Wanting To Be Challenged / Creative VS Being Kind To Your Tired Mind
Time to read: 4-5 mins
I admit that I took on too much too soon when it came to getting back to working after our baby was born. Just a few weeks after the birth I took back the marketing element of my business which involved blog writing, newsletters and social media creation and management. For the most part I loved it as it could be done from the sofa with my child in tow and gave me a chance to exercise my mind and creative flow.
The problem came when I had a set task to do in a set amount of time. How could I come up with an engaging newsletter when I’d had a terrible night sleep and felt particularly drained and hormonal that day? I’d experienced slightly more subtle versions of this in the past before children and actually had that very same feeling today. I had a goal of how many articles I wanted to write but was up for a lot of the night with River and so, writing anything half coherent and engaging seems a monumental task.
I spoke to a mum who went back to her corporate job (that she loved!) after a few weeks of giving birth to her first child and then again just a week or so after her second child. She confirmed my theory because she explained that she could work from her sofa doing tasks she enjoyed without the pressure of deadlines. She was planning to take a year off but practically begged her company for work sooner when she realised how bored she was.
When I spoke to some fellow female founders they said that whilst they enjoyed the overall creativity their work bought them at this time, they sometimes felt they weren’t putting their best selves out there. When so much of you goes into a brand or a business it can be hard to show up with 100% energy all of the time. One founder reminisces “ I remember recording videos of myself for Instagram marketing of my business and the baby either crying or me hating how I looked”.

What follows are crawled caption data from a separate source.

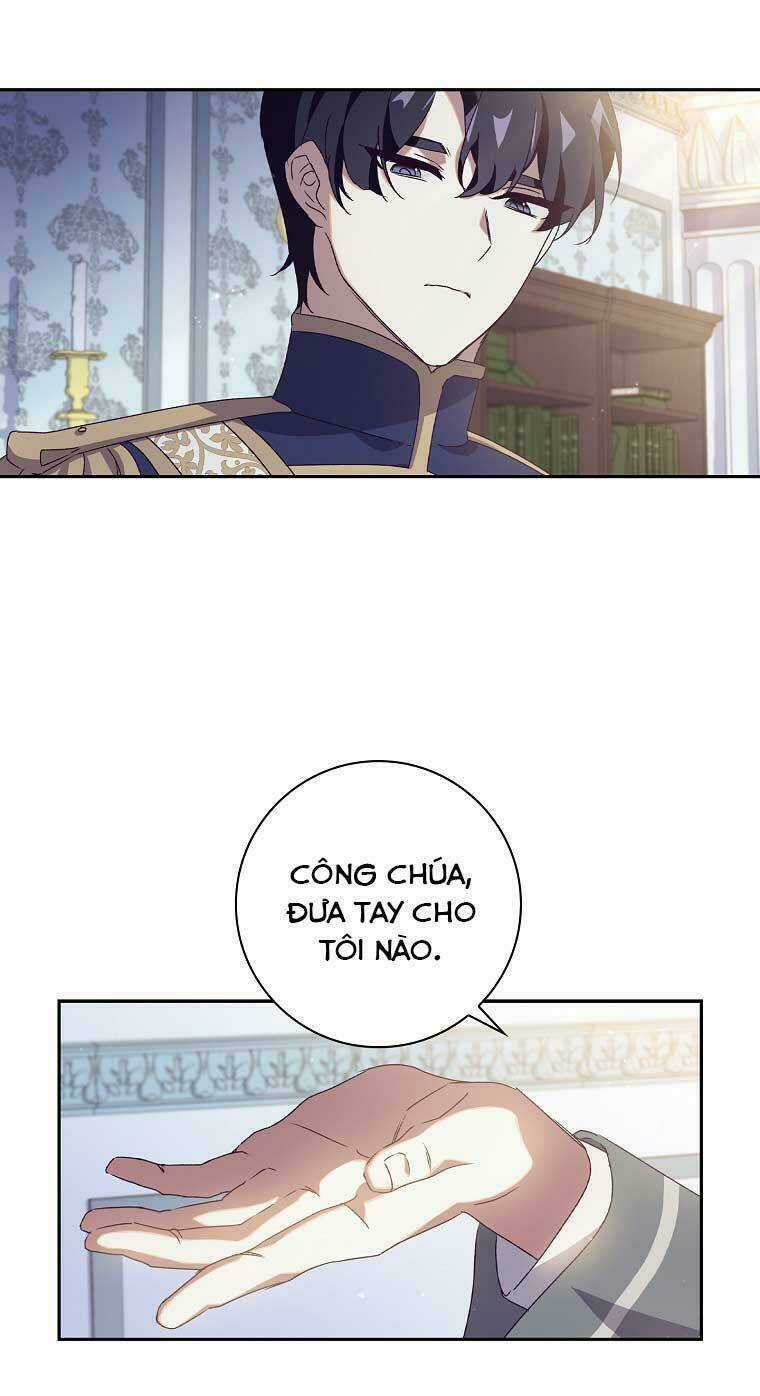 Công Chúa Gác Mái - Chapter 10 - Trang 11
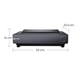 thumbnail image 2 of Proyector Láser Hisense 130  Pulgadas 4K Ultra HD Smart Laser PX1-PRO, 2 of 4
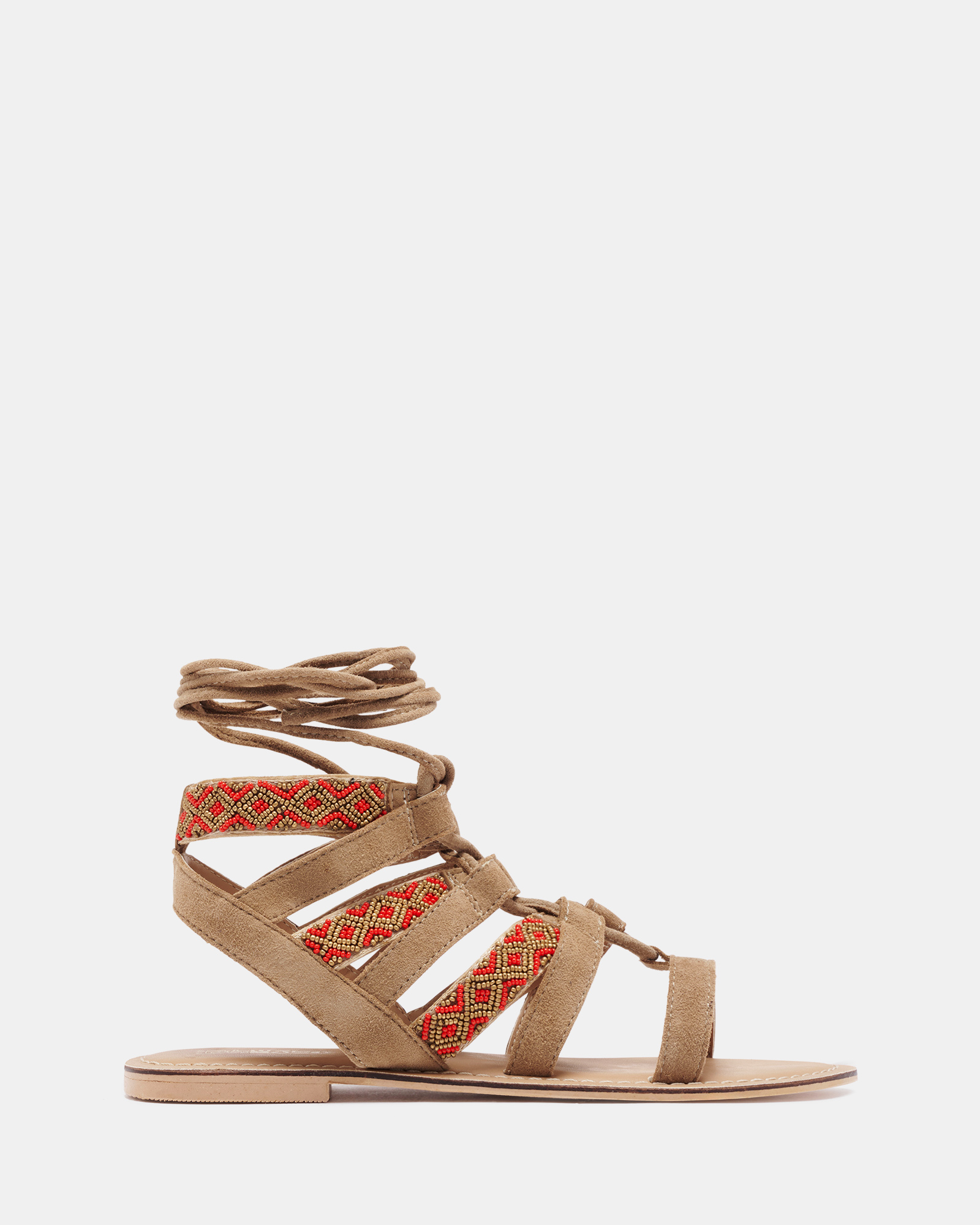 Kealani Leather Sandals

Another founder who said she loved working on her business during mat leave described it as ‘just as well’ because there’s no company maternity pay when you are working for yourself. Therefore, it can be hard to totally switch off for months because you don’t want to lose existing clients or miss out on new ones.
A friend who studied for an MBA during her maternity leave said she wouldn’t change a thing stating that ‘the gender pay gap is real! So many women drop out of the workplace because they are too tired / overwhelmed to work all day and take care of the family the rest of the time or resent their whole paycheck going towards childcare but make the investment now because it's hard to make up lost career years’.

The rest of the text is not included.